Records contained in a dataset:

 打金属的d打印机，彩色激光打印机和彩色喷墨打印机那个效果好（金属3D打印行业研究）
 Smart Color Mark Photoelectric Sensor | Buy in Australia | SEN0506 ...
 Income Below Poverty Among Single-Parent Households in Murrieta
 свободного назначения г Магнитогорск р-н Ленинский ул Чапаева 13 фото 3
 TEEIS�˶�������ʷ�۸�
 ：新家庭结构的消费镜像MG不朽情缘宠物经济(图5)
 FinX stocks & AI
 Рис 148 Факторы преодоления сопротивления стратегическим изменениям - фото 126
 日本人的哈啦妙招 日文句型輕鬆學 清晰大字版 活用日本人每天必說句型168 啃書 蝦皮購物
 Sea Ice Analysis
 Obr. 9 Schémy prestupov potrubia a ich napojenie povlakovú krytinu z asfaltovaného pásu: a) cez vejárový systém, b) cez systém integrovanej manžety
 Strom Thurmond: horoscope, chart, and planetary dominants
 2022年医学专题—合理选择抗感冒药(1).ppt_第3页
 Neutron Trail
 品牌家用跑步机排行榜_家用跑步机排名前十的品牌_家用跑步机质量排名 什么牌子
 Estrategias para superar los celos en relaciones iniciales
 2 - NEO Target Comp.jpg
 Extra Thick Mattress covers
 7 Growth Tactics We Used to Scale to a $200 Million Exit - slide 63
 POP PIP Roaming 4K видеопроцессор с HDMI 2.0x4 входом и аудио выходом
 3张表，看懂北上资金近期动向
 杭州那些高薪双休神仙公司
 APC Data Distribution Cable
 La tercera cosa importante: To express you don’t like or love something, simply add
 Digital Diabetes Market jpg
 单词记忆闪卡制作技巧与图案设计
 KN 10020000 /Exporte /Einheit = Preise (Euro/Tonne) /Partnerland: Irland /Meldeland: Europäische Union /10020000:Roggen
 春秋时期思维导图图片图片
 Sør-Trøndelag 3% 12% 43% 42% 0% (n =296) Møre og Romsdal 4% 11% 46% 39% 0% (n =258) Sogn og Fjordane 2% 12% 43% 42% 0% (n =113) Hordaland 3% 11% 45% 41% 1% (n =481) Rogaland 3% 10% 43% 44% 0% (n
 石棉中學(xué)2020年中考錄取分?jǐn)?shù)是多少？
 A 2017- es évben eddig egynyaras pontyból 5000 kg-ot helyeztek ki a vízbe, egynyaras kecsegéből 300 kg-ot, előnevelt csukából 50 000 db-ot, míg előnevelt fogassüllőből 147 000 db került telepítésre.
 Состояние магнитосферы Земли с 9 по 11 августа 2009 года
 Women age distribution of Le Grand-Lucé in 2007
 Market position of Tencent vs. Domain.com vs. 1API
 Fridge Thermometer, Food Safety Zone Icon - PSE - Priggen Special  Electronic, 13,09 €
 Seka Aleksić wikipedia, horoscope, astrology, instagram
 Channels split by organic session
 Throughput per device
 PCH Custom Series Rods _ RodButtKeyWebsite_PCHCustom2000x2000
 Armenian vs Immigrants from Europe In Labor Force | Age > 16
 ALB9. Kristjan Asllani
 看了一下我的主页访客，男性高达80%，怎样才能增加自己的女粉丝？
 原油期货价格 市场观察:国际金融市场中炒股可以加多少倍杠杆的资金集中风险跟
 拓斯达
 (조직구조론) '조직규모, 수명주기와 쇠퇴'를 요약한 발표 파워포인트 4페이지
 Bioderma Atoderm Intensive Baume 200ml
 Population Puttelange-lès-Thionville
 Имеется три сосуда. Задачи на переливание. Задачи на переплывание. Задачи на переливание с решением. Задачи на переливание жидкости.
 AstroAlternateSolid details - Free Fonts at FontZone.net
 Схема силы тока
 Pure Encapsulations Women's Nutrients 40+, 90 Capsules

Try it:
Each line that has the word "фото" counts once. How many such lines are in the data? Give the number alone.

Solution:
2